Este cambio en los hábitos de consumo ha generado un ecosistema más dinámico, pero también más vulnerable. El fraude digital ya no es un fenómeno aislado, sino un componente estructural del sistema financiero moderno. De hecho, reportes recientes de Experian revelan que cerca del 60% de las empresas a nivel global incrementaron sus pérdidas por fraude entre 2024 y 2025.
En América Latina, la situación es particularmente crítica. De acuerdo con Visa, los fraudes digitales ya representan el 51% de las pérdidas totales en la región, superando por primera vez al fraude físico. En Colombia, la percepción del riesgo es aún más alta: más del 97% de los usuarios considera que el fraude ocurre con frecuencia, y más de un tercio afirma haber sido víctima en el último año.

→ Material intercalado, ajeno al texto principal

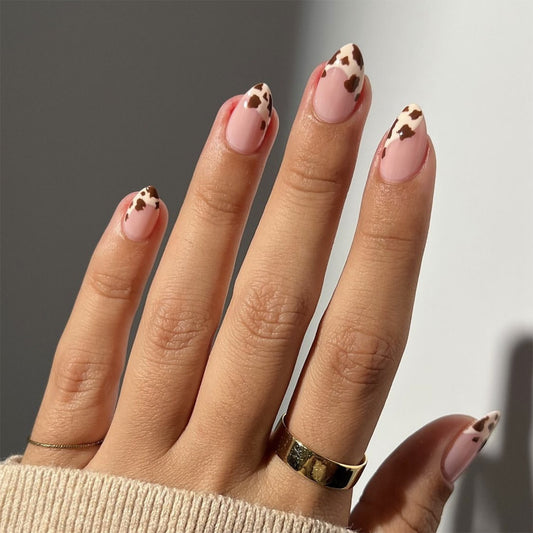 Hand with pink nails and cow print design wearing a gold ring on a neutral background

De la reacción a la anticipación: el nuevo enfoque
Tradicionalmente, la prevención del fraude ha funcionado como una capa adicional dentro de los sistemas de pago. Es decir, las transacciones se procesaban primero, y luego eran evaluadas bajo ciertos criterios de riesgo. Este enfoque reactivo ha demostrado ser insuficiente frente a amenazas cada vez más sofisticadas.
El modelo actual apunta hacia la anticipación. En lugar de detectar el fraude después de que ocurre, las nuevas tecnologías buscan prevenirlo antes de que se materialice. Aquí es donde entra en juego la inteligencia artificial integrada al core del sistema.
La solución desarrollada por Akua incorpora un agente de análisis continuo que monitorea cada operación en tiempo real. Este agente es capaz de identificar patrones transaccionales, detectar comportamientos atípicos y sugerir reglas de mitigación de forma proactiva. A diferencia de los sistemas tradicionales, que dependen de reglas estáticas, este modelo aprende y evoluciona con cada interacción.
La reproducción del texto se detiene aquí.